Even if we know that the T was originally an inline class, from the inline T on F bound, we don't know which one, not unless we let the T carry extra information at runtime, which is precisely what we don't do. All that information is erased. It ceased to be. It's an ex-information.

In short: You cannot abstract over inline classes, because abstracting over types is done using type variables, which only get their binding at runtime, and inline classes do not exist at runtime.
Same reason extension methods of a subclass doesn't work with type parameters, all you know statically is the bound of the type parameter, not the actual value, and anything statically resolved will see only that.

We could make all inline classes automatically subtype a platform type InlineClass<T> where T is their representation type. Just like we make all enums implement Enum, functions implement Function and records implement Record.

That will allow one to enforce that a static type is an inline class type, and be used to bound type parameters like suggested above. (No need for special syntax like inline T on F.)
Not sure how useful that is going to be in practice with the current inline class design, but it can allow us to add operations that work on all inline class types.

We can make InlineClass<T> assignable to T by "implicit side-cast" if we want to, without making the actual inline types so. Not particularly necessary, since you can always do an explicit as T instead. Probably not worth it.

So, basically, the current inline class design does not provide a way to guard a type against some values of the representation type, no way to create subsets of types. Anything which requires calling a validation operation at runtime is impossible to enforce, because we can skirt it using the completely unsafe as, and going through generics.

The only security you get against using an incompatible int as a social security number is that there is no subtype relation between the two, and no assignability, so you can't just assign a List<int> to List<SocialSecurityNumber>. You need to do a cast. Which makes the SocialSecurityNumber abstraction safe, but not sound. (Normal casts are sound, not safe. They throw if the conversion isn't valid.
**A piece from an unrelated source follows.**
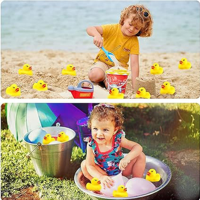 Canards en vinyle d'été personnalisables avec logo, jouets de bain amusants qui font des sons, pour fêtes d'anniversaire sur le thème de la plage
Casts from representation type to inline class types always succeeds, but doesn't necessarily preserve all notions of soundness that the inline class might want to preserve, because it cannot do checks at runtime.)

If your program contains no as casts, or dynamic values, it's probably type sound.

@yjbanov
Copy link

yjbanov commented Feb 22, 2023

@lrhn

Thanks for the detailed explanation! Yeah, this would need extra RTTI to work.

If your program contains no as casts, or dynamic values, it's probably type sound.

Cool. If we require explicit casts, then maybe this is safe enough as is.

Anyway, looking forward to trying this out! This is my favorite upcoming language feature so far 👍

@Peng-Qian
Copy link

Is this feature will be shipped in Dart 3.0? It seems perfect to create value objects by the inline class.

@mraleph
Copy link
Member

mraleph commented Feb 24, 2023

Is this feature will be shipped in Dart 3.0? It seems perfect to create value objects by the inline class.

It is not part of 3.0.

@eernstg
Copy link
Member

eernstg commented Feb 24, 2023

@yjbanov wrote:

it's worth exploring how much the soundness can be preserved with this feature.

Note that we had some discussions about a feature which was motivated by exactly this line of thinking:

In an early proposal for the mechanism which is now known as inline classes, there is a section describing 'Protected extension types'. The idea is that a protected extension type is given a separate representation at run time when used as a part of a composite type (that is, as a type argument or as a parameter/return type of a function type). This means that we can distinguish a List<SocialSecurityNumber> from a List<int> at run time (but we still don't have a wrapper object for an individual instance).

The main element of this feature is that an inline class can be protected, which means that it must have a bool get isValid getter which will be invoked implicitly at the beginning of every generative constructor body, and there's a dynamic error if the given representation object isn't valid.

protected inline class SocialSecurityNumber {
  final int value;
  SocialSecurityNumber(this._value); // Implicit body: { if (!isValid) throw SomeError(...); }
  bool get isValid => ...; // Some validation.
}

void main() {
  var ssn = SocialSecurityNumber(42); // Let's just assume that the validation succeeds.

  // Single object.
  int i = ssn.value; // The inline class can always choose to leak the value.
  i = ssn as int; // We can also force the conversion: Succeeds at run time.
  ssn = i as SocialSecurityNumber; // Will run `isValid`.

  // Higher-order cases.
  List<int> xs = [42];
  List<SocialSecurityNumber> ys = xs; // Compile-time error.
  ys = xs as List<SocialSecurityNumber>; // Throws at run time.
  xs.forEach((i) => ys.add(i as SocialSecurityNumber)); // Runs `isValid` on each element.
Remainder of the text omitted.